The relaxed persona evident in her songs is no put-on. Jones is about as easygoing as one would think, but with a bit more cheer. She speaks in girlish inflections, is quick to laugh and seems free of diva attitude. But she’s been sneaking out on weekends, even in disguise at times, to play punk rock or honky-tonk country in pool halls around the city, building her guitar chops and having a blast.
Jones shows real enthusiasm when talk turns to the Sloppy Joannes, the all-girl country band in which she plays guitar in secret (“but not top secret,” she says). These days, her favorite song to play is “If You Don’t Like Hank Williams, You Can Kiss My Ass,” written by Kris Kristofferson. “It’s got a great line that I really like: You’re the only one you’re screwin’ when you put down what you don’t understand. That’s a great line, you know! It sounds crude in an interview for me to just say that, but if you heard the song …” she trails off. “I don’t mean to be crude.”
Crude? Not at all. But there is “Sucker,” Jones’ collaboration with Mike Patton on his 2006 album, Peeping Tom. She colors her usually sexy voice with menace and aggression, whispering motherfucker throughout the song. Jones is a big fan of Patton’s avant-metal, so she couldn’t turn him down. Laughing, she says, “My mom called me — she’s like, ‘Who’s Mike Patton? And why are you cursing on his album?’ It was funny.”
She knows that such things might disturb the romance and serenity that most fans expect from Jones’ work. The soft and easy sounds of Not Too Late don’t deviate from her successful formula. But she is looking to expand a bit. The ballad “Thinking About You,” the disc’s first single, is meant to be on the radio, but the next song, “Sinkin’ Soon,” is part New Orleans jazz funeral march, part Kurt Weill-Bertolt Brecht sardonic lament. In a boat that’s built from sticks and hay/We drifted from the shore/With a captain who’s too proud to say/That he dropped the oar, she sings with a little growl.
The record contains more dark images. “Wish I Could” is a countrified ballad about losing a lover to war, and “My Dear Country” mourns Election Day 2004.

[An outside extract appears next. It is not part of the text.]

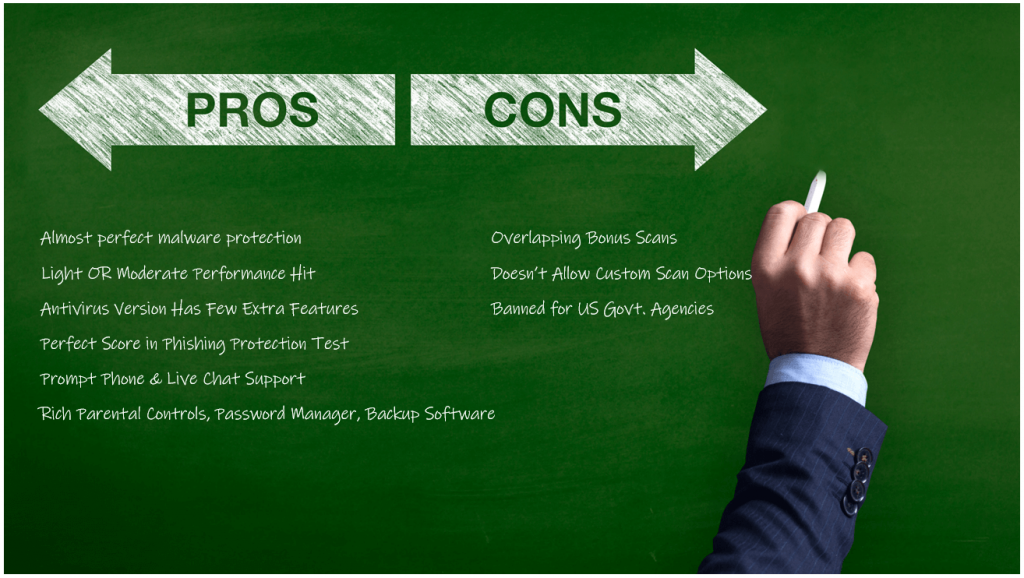 Pros and cons of kaspersky antivirus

YouTube: “Not My Friend” by Norah Jones, from Not Too Late:
Blue Note actually had no idea it was getting a new album from its star. Trying to prevent the suits from looking over her shoulder and applying pressure, “We tried to keep it under the radar,” Jones says. She started writing the tunes back in 2004 with her main collaborator, Lee Alexander. “You know, they’ll [the label executives] slap a release date on you as soon as they start putting out money for it,” she adds.
Jones keeps secrets from her label and slips out on weekends by donning a wig. What other secrets is she keeping? Why, she’s even two-timing the music biz: She is about to make her acting debut in My Blueberry Nights, which opened the 2007 Cannes Film Festival on May 16 — and Jones will be there. “I’m excited and terrified,” she says, sounding more of the latter.
For Jones, the 14-hour shooting days were a rewarding experience, and she’d do it again, but wouldn’t want movies to interfere with her music. “I became a musician because I liked the idea of sleeping late and just jammin’,” she admits, laughing. “I don’t know if I want to give up that lifestyle.”
But back to looking ahead 40 years:
“I don’t know if people are always going to buy my CDs,” she says, sounding like the most relaxed person in the world. “[But] I’m not going to stop. If people care or not, that remains to be seen. But it doesn’t bother me if they don’t.”
She’s made enough money with jazz-tinged easy listening. “I’ve been lucky enough that I can do this the rest of my life, and I don’t have to depend on selling any more records. You just gotta make sure you do what you want to do.”